The HERO 1 could be given a voice. Speech was not part of the base machine; it arrived as an optional accessory, the ET-18-2 speech board, built around the Votrax SC-01 phoneme speech synthesizer, and on the kit it carried its own price — roughly $149.95 added to the build (Wikipedia, “HERO (robot)”; hero.dsavage.net HERO FAQ). When fitted, the robot could speak under program control: the announcement at the end of a sensing-and-acting routine, the spoken status that turned a silent demonstration into a talking one. The voice was part of what made the HERO 1 read, to a 1982 audience, as a robot rather than a rolling microcontroller.

This volume covers what that option was and, in depth, how the chip behind it turned a stream of small numeric codes into continuous English speech. The HERO-specific facts — that the option existed, what it was built on, what accompanied it — are gated to the HERO record (Wikipedia, the HERO FAQ, and the ET-18-2 speech-board manual in the factory manual set). The general behaviour of the Votrax SC-01 is attributed to the SC-01’s own documentation; where this volume describes the chip’s internals it is describing the part, not making an undocumented claim about the HERO 1’s particular board.

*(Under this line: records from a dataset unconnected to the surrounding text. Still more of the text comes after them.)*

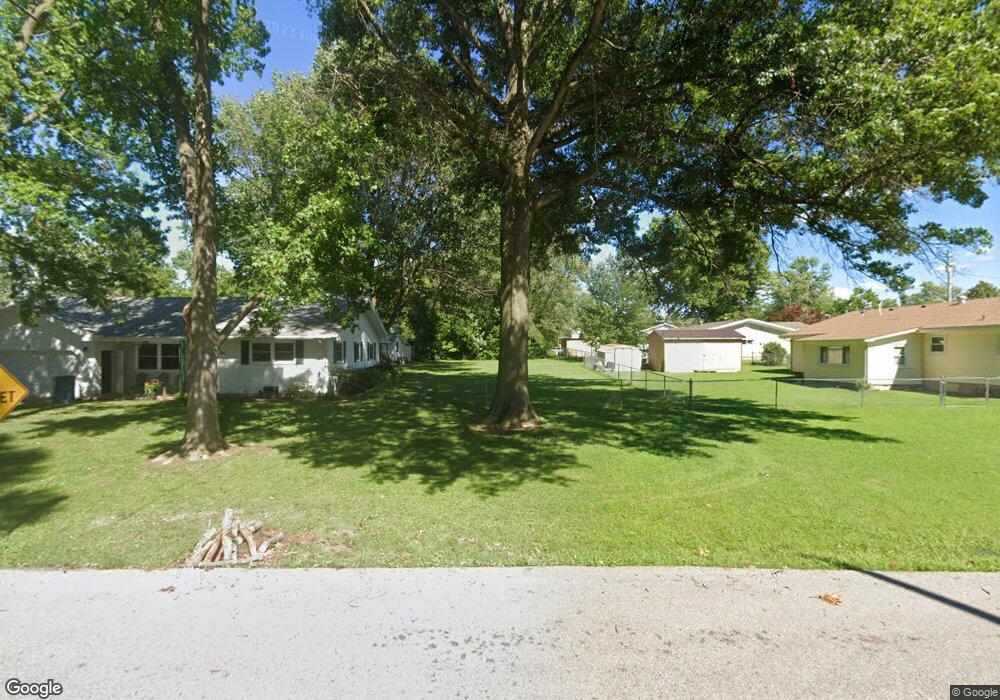 105 W Walnut St, Nixa, MO 65714 - photo 1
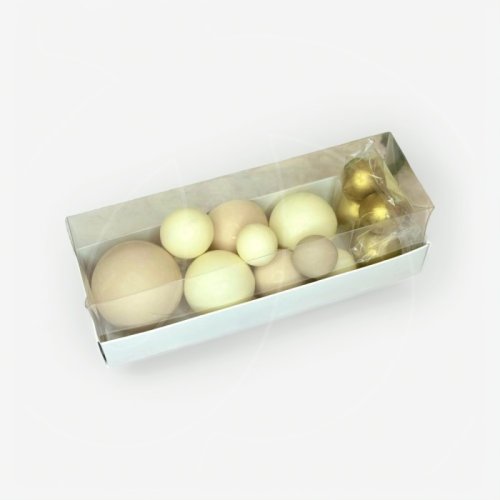 Фигурка из шоколадной глазури "Сферы белый-бежевый-золото микс" 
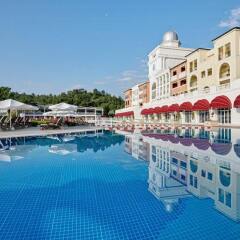 Отель Amara Dolce Vita Luxury бассейн фото 3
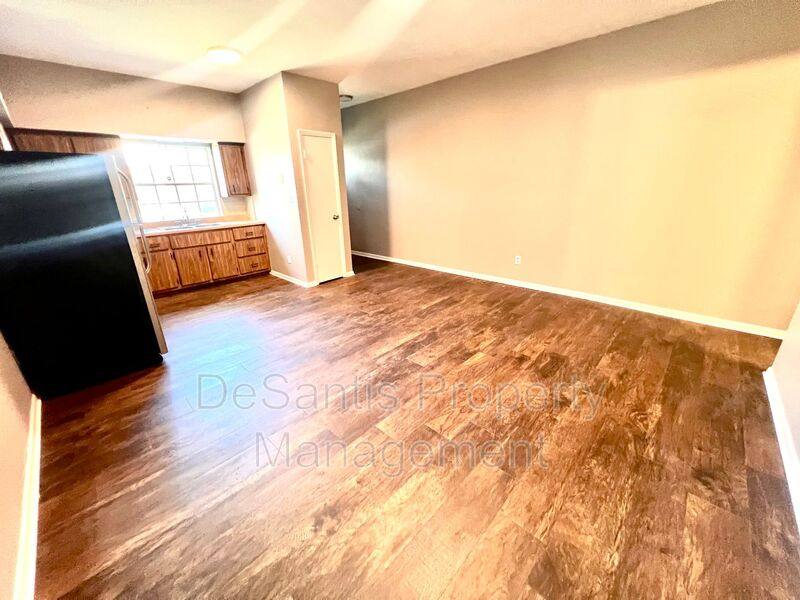 Apartment for rent at 542 5th Ave #1, New Kensington, PA 15068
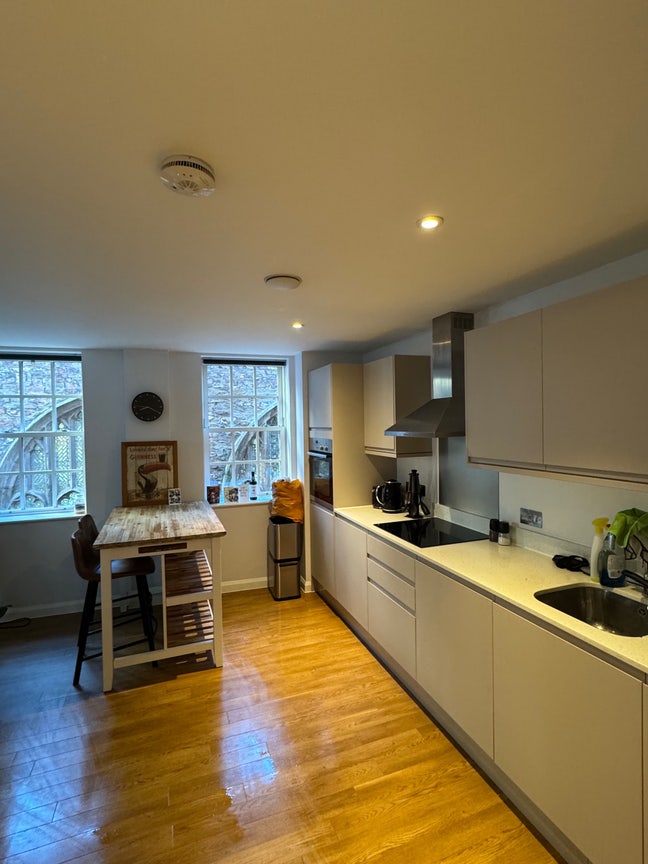 Double room available in City Centre! Main Photo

Figure 1 — The HERO 1 speech chain: an application program emits a stream of
phoneme codes, each a small numeric value; the Votrax SC-01 on the ET-18-2 board
turns each code into a formant-shaped s…
Figure 1 — The HERO 1 speech chain: an application program emits a stream of phoneme codes, each a small numeric value; the Votrax SC-01 on the ET-18-2 board turns each code into a formant-shaped segment of sound; the segments run together into continuous speech and out through the robot's audio amplifier and speaker. Interpretive diagram drawn from documented HERO 1 specifications.

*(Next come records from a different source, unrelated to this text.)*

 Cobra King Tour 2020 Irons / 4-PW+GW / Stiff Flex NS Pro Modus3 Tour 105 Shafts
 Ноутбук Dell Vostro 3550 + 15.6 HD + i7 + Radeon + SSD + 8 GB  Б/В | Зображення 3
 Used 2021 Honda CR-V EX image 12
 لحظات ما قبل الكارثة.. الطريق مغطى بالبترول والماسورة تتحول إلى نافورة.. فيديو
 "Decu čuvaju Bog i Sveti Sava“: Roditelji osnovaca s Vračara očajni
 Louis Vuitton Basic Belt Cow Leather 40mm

Two ways to make a robot talk

There are two broad ways to give a machine a voice, and the distinction explains why the SC-01 mattered.

The first is stored-word playback: record (or otherwise capture) a fixed set of whole words or phrases as digitized audio, store them, and play them back on cue. This is simple and the result sounds exactly as good as the recording — but the machine can only ever say the words that were stored, the storage cost grows with every word added, and the vocabulary is frozen at manufacture. A robot built this way has a closed dictionary; teaching it a new word means storing new audio.

The second is synthesis from sub-word units — building speech from pieces smaller than a word. The Votrax SC-01 takes the most economical version of this approach: it synthesizes from phonemes, the elementary sounds of speech. An English utterance decomposes into a few dozen distinct phonemes; string the right phonemes together in the right order and you get any word, including words no one anticipated. The cost is not per-word storage but the much smaller, fixed cost of the phoneme set built into the chip, plus a short code stream per utterance. The trade is intelligibility and naturalness: phoneme synthesis of this era has the characteristic flat, buzzy, slightly robotic timbre rather than a recorded human voice. For a teaching robot whose whole point was open-ended experimentation, the open vocabulary of phoneme synthesis was the right trade (general behaviour per Votrax SC-01 documentation).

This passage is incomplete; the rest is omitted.